### Task brief
Transcribe the data below verbatim from the line with "Green Check Mark Write Symbol Magnet (Front)" to the line with "Belle by Kim". Include both of those lines.

### Data for this exercise
──────
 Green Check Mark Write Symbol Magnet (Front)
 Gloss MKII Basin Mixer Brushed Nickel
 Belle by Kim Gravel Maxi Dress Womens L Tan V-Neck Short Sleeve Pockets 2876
──────
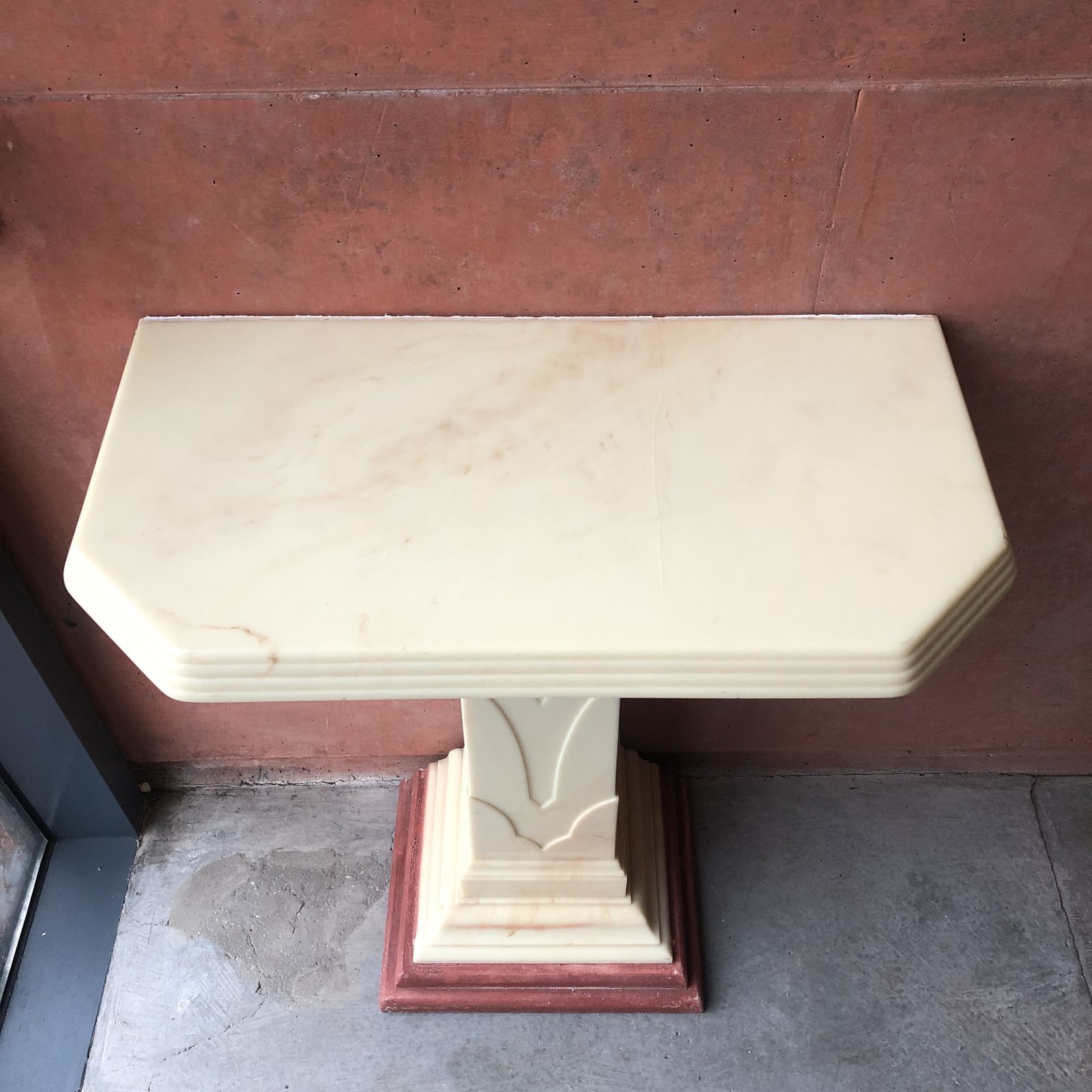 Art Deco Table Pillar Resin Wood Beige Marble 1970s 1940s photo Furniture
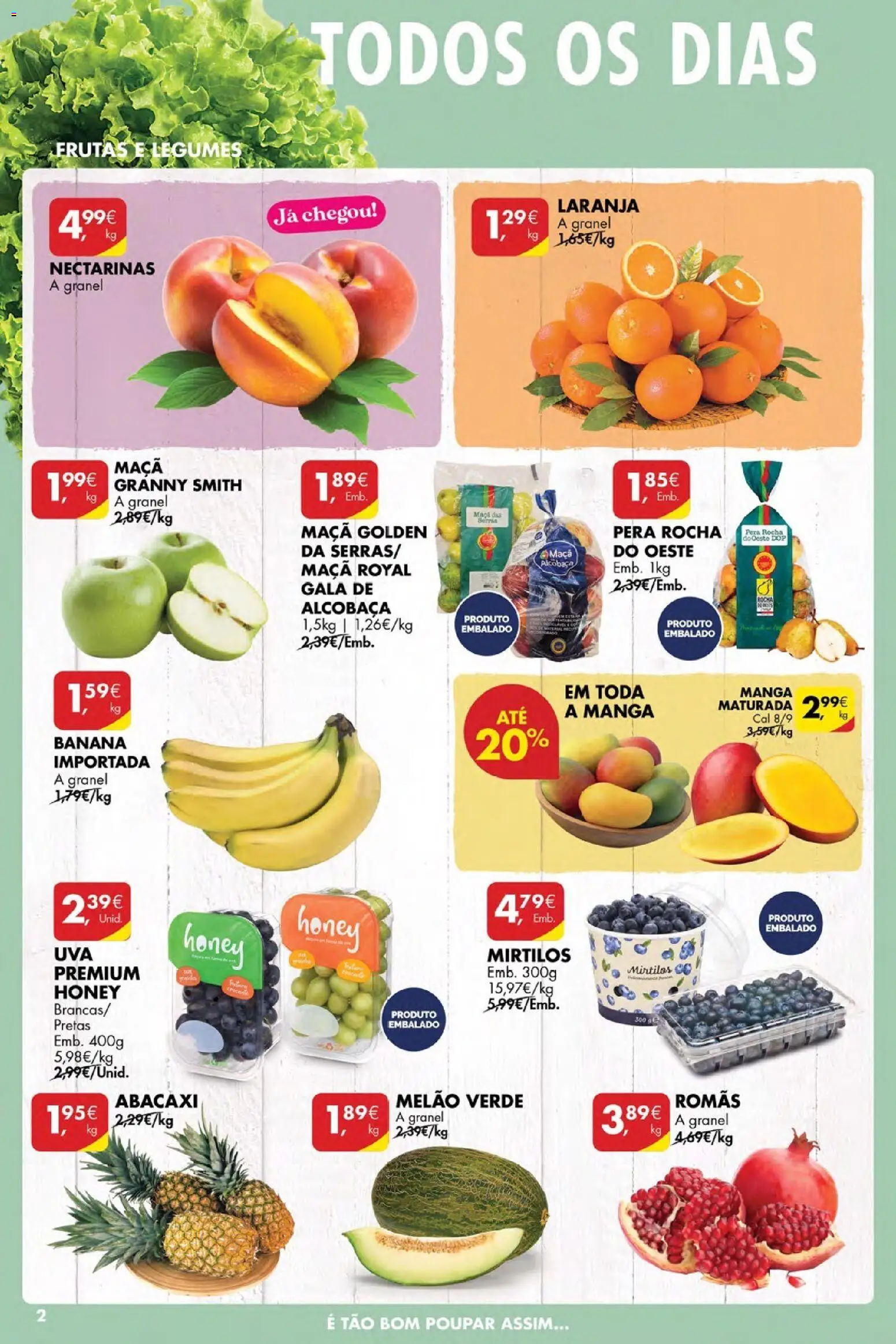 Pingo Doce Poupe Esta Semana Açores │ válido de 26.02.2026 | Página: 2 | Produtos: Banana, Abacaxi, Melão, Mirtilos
──────
### Solution
 Green Check Mark Write Symbol Magnet (Front)
 Gloss MKII Basin Mixer Brushed Nickel
 Belle by Kim Gravel Maxi Dress Womens L Tan V-Neck Short Sleeve Pockets 2876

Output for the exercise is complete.